▶ Try it
Starting with the line in which "Genuine Leather Wallet" appears, give back every line exactly as written until the listing ends, excluding pictures.
☆ ☆ ☆ ☆ ☆
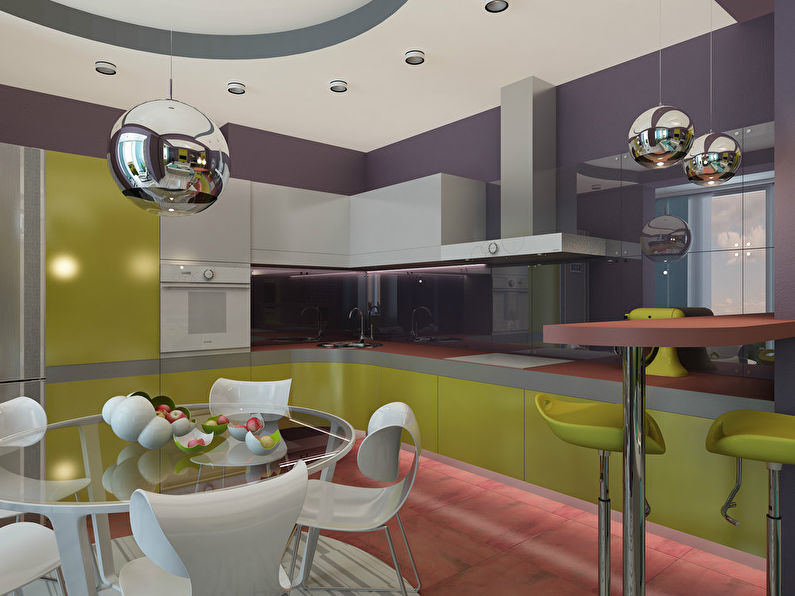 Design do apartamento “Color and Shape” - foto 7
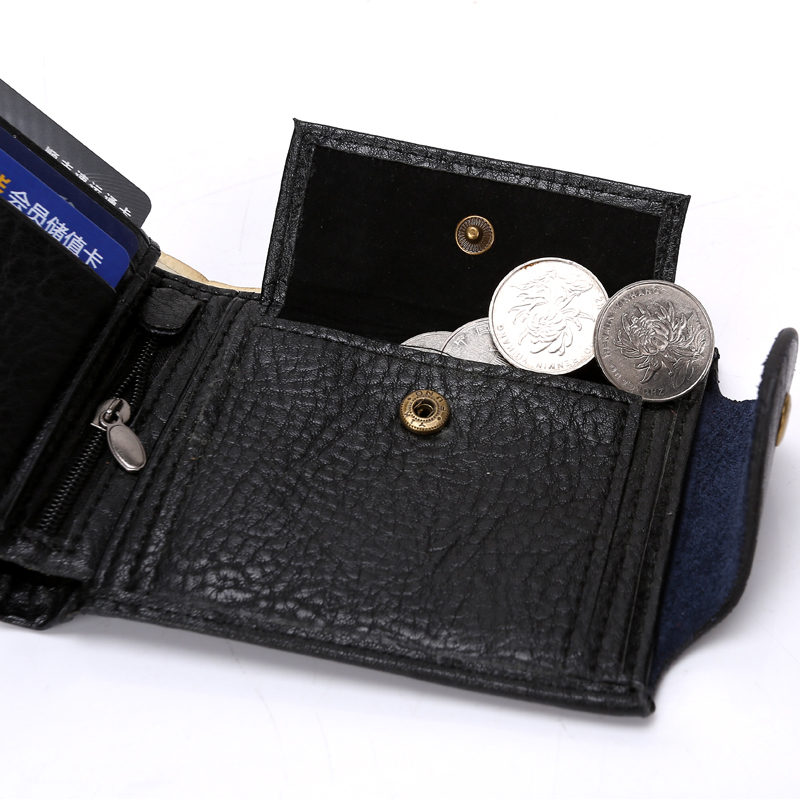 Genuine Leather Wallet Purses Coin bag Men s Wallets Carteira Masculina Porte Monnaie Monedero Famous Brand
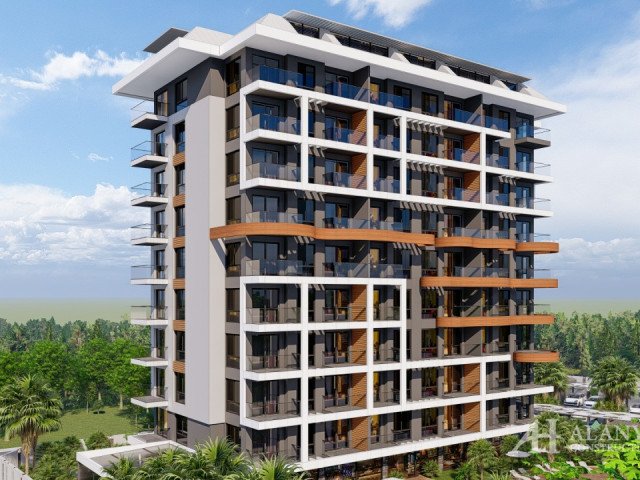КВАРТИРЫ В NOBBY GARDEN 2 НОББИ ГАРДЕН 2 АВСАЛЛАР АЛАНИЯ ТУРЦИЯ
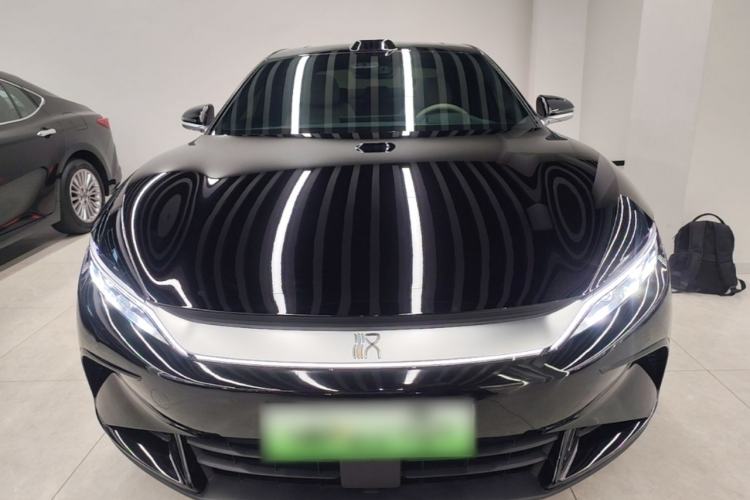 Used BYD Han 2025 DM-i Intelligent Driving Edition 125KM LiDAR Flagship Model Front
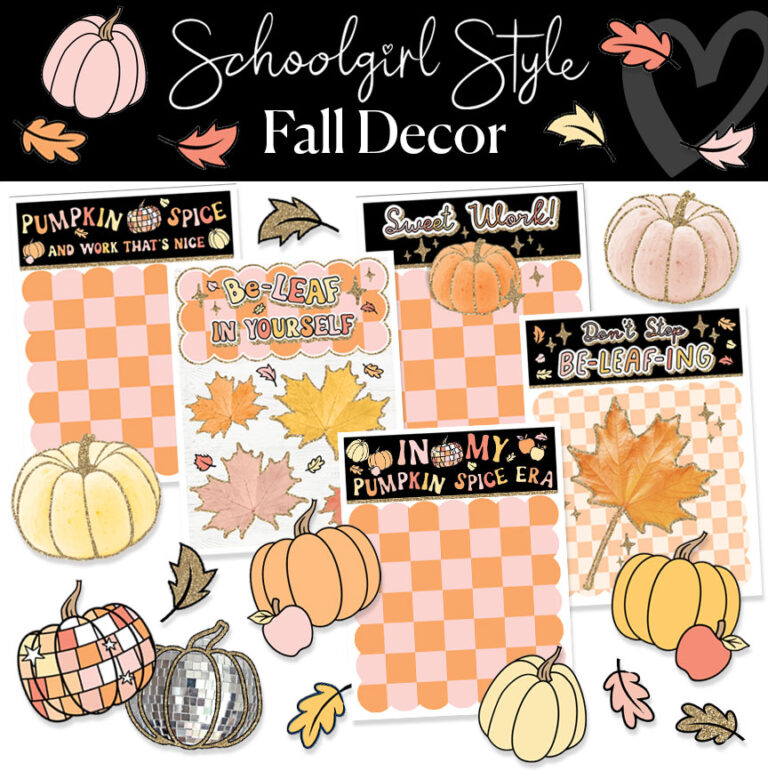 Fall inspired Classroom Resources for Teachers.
☆ ☆ ☆ ☆ ☆
▶ Expected answer
 Genuine Leather Wallet Purses Coin bag Men s Wallets Carteira Masculina Porte Monnaie Monedero Famous Brand
КВАРТИРЫ В NOBBY GARDEN 2 НОББИ ГАРДЕН 2 АВСАЛЛАР АЛАНИЯ ТУРЦИЯ
 Used BYD Han 2025 DM-i Intelligent Driving Edition 125KM LiDAR Flagship Model Front
 Fall inspired Classroom Resources for Teachers.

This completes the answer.